さて、脂質異常症は、血液を検査して診断されるのですが、脂質異常症に関連した検査項目は次の3つです。

一昨年の基本健診までは、総コレステロール、HDLコレステロール、中性脂肪の3項目を検査していました。昨年からそれが変わったので戸惑った方も多いかと思います。総コレステロールが高くても、善玉コレステロールであるHDLコレステロールが高い場合と、悪玉コレステロールであるLDLコレステロールが高い場合とでは、動脈硬化になりやすさが違います。そこで、昨年からは、HDLコレステロールとLDLコレステロールを直接測って動脈硬化の危険性を判断することになったのです。

ちなみに、総コレステロール、HDLコレステロール、中性脂肪からLDLコレステロールを計算する方法があります。それは以下の式で計算されます。一昨年までの健診結果の数値から計算して、昨年のLDLコレステロール値と比較してみてください。

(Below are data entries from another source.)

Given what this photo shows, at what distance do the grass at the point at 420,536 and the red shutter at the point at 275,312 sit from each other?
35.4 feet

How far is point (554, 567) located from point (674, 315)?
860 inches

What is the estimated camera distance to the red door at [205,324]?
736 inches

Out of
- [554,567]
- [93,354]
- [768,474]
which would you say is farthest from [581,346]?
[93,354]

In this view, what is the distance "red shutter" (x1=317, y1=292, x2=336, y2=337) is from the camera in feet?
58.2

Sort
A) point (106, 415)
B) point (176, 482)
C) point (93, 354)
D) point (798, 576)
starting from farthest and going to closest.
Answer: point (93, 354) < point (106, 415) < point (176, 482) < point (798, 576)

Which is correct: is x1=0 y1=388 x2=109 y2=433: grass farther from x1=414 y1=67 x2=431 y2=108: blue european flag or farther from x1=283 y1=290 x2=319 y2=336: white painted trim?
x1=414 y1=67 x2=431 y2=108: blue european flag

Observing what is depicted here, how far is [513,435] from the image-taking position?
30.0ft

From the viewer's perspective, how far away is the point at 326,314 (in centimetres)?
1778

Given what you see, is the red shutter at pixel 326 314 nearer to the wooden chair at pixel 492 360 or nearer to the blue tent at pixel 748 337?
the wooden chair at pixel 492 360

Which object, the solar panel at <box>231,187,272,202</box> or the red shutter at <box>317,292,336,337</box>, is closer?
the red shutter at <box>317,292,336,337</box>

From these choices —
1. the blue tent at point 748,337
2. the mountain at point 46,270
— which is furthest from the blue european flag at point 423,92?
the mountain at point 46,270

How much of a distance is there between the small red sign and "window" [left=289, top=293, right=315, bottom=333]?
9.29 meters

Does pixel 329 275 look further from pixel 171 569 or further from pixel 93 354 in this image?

LDLコレステロール=(総コレステロール)-(HDLコレステロール)-(中性脂肪/5)

 

そして、脂質異常症は次の基準で診断されます。

以上です。ただし、高血圧もある、糖尿病もある、喫煙をしている、など、動脈硬化の原因となりうるほかの因子(危険因子)も持っている場合はもう少し厳しく判定することもあります。

脂質異常症と動脈硬化

では、脂質異常症などがあると、本当に動脈硬化が起こりやすくなるのでしょうか。データをお示ししましょう。

次のグラフを見てください。

 

これは55歳の男性と女性を対象にした調査です。6年間追跡調査して、その間に心筋梗塞、狭心症など動脈硬化によって起こる心臓病の発症した割合を示したものです。そして、脂質異常症、高血圧、喫煙、糖尿病などのある人とない人で分類しています。これらの要素が全くない人でも心臓病は起こってしまいますが、きわめてわずかです。それに比べ、脂質異常症をはじめ、高血圧、糖尿病、喫煙のある人、特にそれらを重複して持っている人では、心臓病を発症する率が非常に高いということが分かります。

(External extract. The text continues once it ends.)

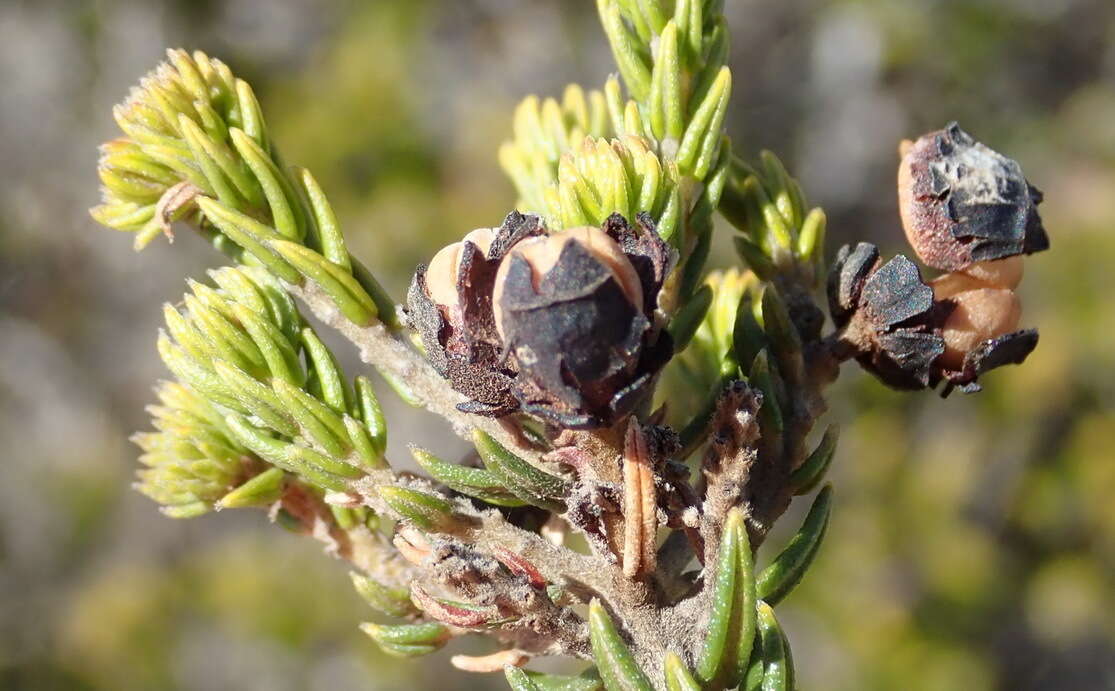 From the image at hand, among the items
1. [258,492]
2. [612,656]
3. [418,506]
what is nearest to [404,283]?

今回お話しするのは脂質異常症ですが、他の危険因子も持っていると、より動脈硬化は起こりやすくなり、その危険因子の数が多いほど、その危険性は高くなります。

 脂質異常症の原因

では、脂質異常症の原因は何でしょうか。それは、体質的な「素因」と「生活習慣」といわれています。脂質異常症は家系内、家族内での発症が多く、何らかの素因があると考えられていますが今の医学ではまだ十分解明されていません。それ以上に重要なのが、生活習慣といわれています。特に、食生活の変化、中でも脂肪摂取量の増加、それから、運動量の低下が関係するということが多くの疫学調査から分かっています。

 脂質異常症と診断されたら

脂質異常症と診断されたらどうすべきでしょうか。まず大切なことは生活習慣の問題点を探り出し、生活習慣をよい方向へと変えていくことです。

具体的には、日常生活に運動を多く取り入れ、食生活を改善することです。

 運動のポイント

ウォーキングの実際

 食事のポイント

次に大切なのは食事です。いろいろなポイントがありますが、今日はバランスと食物繊維を中心にお話します。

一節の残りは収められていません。